# Check engine, Sevice traction & Stabilitrack



## MafiaLTZ11 (May 29, 2011)

Ok, so i have an 11 LTZ 1.4l. The other day I was driving in the rain and with no warning my check engine light and traction control lamps lit. Then my DIC displayed "Service stabilitrack" then it displayed "Service traction control". Then it all just disappeared. Any clues:question:? Should i take it into the dealer? Haven't had any issues since.

Only Mods I have are an Injen CAI and Jet performance MAF(* i know waste of $)


----------



## Crewz (Jul 12, 2011)

MafiaLTZ11 said:


> Ok, so i have an 11 LTZ 1.4l.
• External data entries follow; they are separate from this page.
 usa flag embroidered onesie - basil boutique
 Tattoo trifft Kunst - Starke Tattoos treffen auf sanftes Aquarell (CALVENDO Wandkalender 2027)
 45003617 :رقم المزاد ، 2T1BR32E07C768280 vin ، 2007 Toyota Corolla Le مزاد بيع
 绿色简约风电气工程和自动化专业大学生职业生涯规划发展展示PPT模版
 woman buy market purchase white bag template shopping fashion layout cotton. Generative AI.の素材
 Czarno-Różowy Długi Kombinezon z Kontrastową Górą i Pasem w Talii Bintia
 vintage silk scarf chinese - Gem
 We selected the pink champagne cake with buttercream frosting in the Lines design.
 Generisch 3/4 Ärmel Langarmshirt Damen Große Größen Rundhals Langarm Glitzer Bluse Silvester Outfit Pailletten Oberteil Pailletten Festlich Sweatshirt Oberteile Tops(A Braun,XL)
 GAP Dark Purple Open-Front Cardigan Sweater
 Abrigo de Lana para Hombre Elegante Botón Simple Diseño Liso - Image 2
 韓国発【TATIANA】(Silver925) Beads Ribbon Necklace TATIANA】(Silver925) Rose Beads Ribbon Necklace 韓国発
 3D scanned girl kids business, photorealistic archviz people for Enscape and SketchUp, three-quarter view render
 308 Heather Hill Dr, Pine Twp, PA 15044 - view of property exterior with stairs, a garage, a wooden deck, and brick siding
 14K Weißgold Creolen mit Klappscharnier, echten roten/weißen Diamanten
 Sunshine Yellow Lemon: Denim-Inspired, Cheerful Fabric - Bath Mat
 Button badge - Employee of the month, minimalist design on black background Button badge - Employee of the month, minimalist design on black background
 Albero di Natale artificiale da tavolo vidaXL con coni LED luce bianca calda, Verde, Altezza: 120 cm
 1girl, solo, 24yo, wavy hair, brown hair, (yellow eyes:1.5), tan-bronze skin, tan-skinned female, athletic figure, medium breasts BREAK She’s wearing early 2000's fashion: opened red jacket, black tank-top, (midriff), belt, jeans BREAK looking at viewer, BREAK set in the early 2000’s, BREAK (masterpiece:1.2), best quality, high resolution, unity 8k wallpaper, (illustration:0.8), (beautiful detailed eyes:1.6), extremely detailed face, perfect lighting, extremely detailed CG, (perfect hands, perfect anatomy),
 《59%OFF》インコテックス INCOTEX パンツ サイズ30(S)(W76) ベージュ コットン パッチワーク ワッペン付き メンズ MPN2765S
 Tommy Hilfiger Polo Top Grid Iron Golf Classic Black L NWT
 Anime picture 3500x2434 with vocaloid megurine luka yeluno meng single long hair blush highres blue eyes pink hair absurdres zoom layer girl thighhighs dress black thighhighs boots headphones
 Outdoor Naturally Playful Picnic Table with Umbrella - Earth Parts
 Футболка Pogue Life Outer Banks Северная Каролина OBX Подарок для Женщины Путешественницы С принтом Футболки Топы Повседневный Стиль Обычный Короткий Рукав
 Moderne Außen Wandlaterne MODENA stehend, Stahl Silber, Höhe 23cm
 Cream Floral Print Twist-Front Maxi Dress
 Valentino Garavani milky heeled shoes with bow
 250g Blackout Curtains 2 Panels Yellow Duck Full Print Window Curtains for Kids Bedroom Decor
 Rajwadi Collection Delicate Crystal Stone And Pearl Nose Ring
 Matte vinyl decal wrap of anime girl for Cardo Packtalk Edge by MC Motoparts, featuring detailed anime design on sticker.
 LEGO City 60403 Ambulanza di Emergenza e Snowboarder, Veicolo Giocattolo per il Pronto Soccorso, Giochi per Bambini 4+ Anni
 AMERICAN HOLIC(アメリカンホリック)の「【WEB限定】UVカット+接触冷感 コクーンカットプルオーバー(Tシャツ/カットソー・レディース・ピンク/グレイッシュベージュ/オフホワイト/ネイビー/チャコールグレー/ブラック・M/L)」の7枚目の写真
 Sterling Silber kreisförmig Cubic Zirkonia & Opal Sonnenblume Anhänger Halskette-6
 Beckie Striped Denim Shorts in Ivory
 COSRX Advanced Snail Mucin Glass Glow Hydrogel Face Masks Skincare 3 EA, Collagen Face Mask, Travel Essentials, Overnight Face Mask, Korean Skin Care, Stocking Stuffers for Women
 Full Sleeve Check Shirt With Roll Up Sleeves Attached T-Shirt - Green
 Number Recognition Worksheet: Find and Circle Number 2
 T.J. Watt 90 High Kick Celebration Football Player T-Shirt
The other day I was driving in the rain and with no warning my check engine light and traction control lamps lit. Then my DIC displayed "Service stabilitrack" then it displayed "Service traction control". Then it all just disappeared. Any clues:question:? Should i take it into the dealer? Haven't had any issues since.
> 
> Only Mods I have are an Injen CAI and Jet performance MAF(* i know waste of $)


Mine did the same thing once for about a minute or two. I haven't had any problems and the light hasn't come back on. When I take it in for it's first oil change I'll have then check it out.

If it stays on, take it in.


----------



## Ajax Inferno (Jul 1, 2011)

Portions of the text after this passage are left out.